Local School Has Arts Based Curriculum

September 2018 / Scarborough, Ontario, Canada

The ABC's of Fairmount PS

Local School has Arts Based Curriculum

By Bret Snider
 
I was walking with the dogs past Fairmount Jr. Public School on Sloely Avenue the other day and it brought back memories.  The School is an Arts Based Curriculum (ABC) school which gives it some special status and allows it to draw students from a larger catchment area than most community schools. It is a kindergarten to grade eight (K-8) school now that is thriving. Its student test scores place it in the top quartile of Province wide testing. However, that was not the case in 2001 when some of my children were still in attendance. 
 
Don’t get me wrong, it wasn’t a bad school. It had a very high parental participation rate and had good test score results. The teaching and administrative staff members were competent and engaging, they cared deeply about the children. 
 
Nonetheless, I was approached by the Parent / Teacher Council and asked to chair a committee to transform the school, then a K – 6 school into a K-8 school. They presented me with their collective rationale – they didn’t want their children crossing Kingston Road and going to Bliss Carmen, the middle school (grades 7 and 8) located at Bellamy and Kingston Road. While their reasons varied they were collectively resolved. 
I agreed to chair the committee and hosted several meetings in our home. I listened to their views about safety, distance and having their children in a new environment that was foreign to them.  Prior to planning a path to victory I felt some research was required. 
 
I learned that this had been attempted three times before and had failed each time. The police didn’t feel there was a risk in the children crossing Kingston Road. The Toronto District School Board (TDSB) wasn’t in favour of it and Bliss Carmen was and is a good school. So I reached out to the Fairmount Principal at the time, Margo Ratsep, to get her take on it. She invited me to the school for a conversation. 
The school needed a new direction.  Enrollment was down and one wing of the school was largely wrapped in plastic and had been closed. The school also sat on many acres of property overlooking the Bluffs – a developers dream. The school was a target for closure and sale. Now I got it but still had no path to victory. I presented my findings to the committee outlining that this would not be a slam dunk. Most of them bailed save for Catherine Bacque. We were then down to a committee of two. 
 
Catherine and I kicked around ideas for weeks looking for a way to make the school attractive for students, parents, teachers and the School Board. It was Catherine who came up with the idea of an Arts Based Curriculum (ABC) model that she had heard about. It had been developed in California and was being used in a school in Toronto’s west end, Faywood in Wilson Heights, where it had resulted in a dramatic improvement in test scores. 
 
However, it was my job to sell it to the Principal and the Parent / Teacher Council which was not an easy task.
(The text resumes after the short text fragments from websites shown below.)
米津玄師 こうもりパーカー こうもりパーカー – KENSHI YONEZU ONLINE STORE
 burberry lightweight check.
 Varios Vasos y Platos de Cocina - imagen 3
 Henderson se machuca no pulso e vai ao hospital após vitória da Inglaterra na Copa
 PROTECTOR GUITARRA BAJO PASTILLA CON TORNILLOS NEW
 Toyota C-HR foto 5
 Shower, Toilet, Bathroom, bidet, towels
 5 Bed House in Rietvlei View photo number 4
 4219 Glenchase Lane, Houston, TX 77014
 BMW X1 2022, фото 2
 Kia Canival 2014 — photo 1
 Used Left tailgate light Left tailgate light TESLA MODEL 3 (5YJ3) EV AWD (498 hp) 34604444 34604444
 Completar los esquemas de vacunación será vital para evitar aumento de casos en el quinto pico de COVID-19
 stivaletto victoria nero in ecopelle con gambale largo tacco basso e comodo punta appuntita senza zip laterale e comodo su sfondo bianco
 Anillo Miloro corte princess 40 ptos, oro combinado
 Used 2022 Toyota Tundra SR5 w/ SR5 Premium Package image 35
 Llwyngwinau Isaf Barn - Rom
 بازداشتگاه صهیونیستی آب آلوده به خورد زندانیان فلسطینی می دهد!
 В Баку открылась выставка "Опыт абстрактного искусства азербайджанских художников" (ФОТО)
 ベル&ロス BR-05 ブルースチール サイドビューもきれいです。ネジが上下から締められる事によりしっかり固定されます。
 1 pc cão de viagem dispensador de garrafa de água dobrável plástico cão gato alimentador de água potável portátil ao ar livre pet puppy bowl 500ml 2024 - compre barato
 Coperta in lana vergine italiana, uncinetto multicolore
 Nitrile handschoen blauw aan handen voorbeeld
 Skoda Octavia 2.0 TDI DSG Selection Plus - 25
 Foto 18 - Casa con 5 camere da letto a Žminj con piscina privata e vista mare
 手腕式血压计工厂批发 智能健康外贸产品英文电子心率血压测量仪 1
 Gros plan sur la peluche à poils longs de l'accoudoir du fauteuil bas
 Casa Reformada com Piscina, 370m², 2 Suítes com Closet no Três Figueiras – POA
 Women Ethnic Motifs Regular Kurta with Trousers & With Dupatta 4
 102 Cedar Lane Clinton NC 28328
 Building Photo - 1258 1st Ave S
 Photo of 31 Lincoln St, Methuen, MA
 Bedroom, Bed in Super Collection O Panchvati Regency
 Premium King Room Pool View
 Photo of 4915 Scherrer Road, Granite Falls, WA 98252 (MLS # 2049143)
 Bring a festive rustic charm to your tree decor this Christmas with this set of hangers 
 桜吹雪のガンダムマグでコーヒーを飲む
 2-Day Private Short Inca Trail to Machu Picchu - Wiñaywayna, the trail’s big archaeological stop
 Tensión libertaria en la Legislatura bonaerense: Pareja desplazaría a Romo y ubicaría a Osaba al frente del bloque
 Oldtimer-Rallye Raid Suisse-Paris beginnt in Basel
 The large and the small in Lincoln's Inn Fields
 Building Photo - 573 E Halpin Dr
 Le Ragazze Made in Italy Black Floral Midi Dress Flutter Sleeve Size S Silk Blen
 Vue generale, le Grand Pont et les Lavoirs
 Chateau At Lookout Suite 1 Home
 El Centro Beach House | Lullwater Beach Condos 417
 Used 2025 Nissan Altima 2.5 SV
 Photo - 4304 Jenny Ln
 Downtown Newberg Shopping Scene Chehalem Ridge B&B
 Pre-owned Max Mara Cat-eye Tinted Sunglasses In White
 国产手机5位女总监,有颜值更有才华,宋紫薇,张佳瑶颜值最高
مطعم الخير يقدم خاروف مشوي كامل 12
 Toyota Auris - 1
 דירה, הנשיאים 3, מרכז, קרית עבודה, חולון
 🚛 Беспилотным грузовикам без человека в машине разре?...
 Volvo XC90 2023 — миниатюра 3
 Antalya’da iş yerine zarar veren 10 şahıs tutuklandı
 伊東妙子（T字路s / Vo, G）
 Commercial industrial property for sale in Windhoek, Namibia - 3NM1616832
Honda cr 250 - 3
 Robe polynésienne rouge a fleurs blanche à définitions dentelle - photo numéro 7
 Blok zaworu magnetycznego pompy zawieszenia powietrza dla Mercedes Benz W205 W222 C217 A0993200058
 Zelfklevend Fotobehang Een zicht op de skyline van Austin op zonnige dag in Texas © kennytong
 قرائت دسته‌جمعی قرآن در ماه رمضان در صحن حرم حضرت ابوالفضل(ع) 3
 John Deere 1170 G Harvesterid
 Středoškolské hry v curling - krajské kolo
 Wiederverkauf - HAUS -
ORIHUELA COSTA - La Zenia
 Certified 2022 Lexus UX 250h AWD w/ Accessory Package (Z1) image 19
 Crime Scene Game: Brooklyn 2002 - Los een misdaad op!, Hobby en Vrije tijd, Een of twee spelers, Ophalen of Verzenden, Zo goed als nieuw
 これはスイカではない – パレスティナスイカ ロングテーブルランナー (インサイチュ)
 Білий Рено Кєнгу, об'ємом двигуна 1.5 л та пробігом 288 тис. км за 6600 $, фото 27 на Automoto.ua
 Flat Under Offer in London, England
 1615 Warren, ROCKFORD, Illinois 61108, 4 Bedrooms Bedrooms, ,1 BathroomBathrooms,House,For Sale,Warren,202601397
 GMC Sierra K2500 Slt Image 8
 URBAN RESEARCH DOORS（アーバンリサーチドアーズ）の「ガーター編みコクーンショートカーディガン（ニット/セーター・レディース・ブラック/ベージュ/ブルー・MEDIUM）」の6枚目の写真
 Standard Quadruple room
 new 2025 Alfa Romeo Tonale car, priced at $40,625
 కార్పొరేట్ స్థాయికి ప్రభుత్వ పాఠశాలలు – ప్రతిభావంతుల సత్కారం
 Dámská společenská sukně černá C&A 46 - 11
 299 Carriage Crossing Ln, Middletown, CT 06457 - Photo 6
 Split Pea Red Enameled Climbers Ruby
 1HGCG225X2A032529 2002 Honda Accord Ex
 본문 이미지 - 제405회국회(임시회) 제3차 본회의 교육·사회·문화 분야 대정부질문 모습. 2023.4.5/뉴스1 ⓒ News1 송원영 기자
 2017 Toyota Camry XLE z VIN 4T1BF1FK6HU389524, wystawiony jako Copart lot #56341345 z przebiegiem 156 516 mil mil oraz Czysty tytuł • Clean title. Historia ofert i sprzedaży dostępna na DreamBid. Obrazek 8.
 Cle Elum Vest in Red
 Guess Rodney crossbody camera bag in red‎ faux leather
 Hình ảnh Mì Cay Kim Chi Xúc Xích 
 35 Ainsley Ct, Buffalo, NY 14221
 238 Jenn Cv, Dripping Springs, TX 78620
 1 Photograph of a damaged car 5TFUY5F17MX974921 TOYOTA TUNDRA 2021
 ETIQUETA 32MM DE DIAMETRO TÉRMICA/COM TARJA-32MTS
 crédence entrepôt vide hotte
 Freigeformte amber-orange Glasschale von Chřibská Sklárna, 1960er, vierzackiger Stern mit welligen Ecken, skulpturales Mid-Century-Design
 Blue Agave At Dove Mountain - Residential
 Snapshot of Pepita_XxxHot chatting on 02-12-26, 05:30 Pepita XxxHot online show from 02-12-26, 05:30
The Principal was interested but the parents weren’t. They were concerned about the effect that an ABC model would have on math and science education. We were now in a position where we had to demonstrate the concept. Neither Catherine nor I could think of a convincing way to prove the ABC model’s effectiveness. It was the Principal’s idea that finally sold the Parent Council on the new model.  She had the children build a model city in the gymnasium. It involved angles, slopes, math, geometry, public planning and team building skills. 
 
When the parents and the Parent Council members saw the wonderful results and exciting potential, they got it. Most importantly the students loved it. The next challenge was to find teachers who could teach through the arts. That took another six years. When that happened in 2007 Fairmount was officially designated as an ABC destination school and grew to be a K-8 school. 
 
I was invited to a ceremony and given a gold plated letter opener, still on my desk. But Catherine wasn’t recognised which bothered me.  So recently I invited her to the school to see the results of our work and presented her with a gold plated letter opener of her own.  It takes a team to save a school.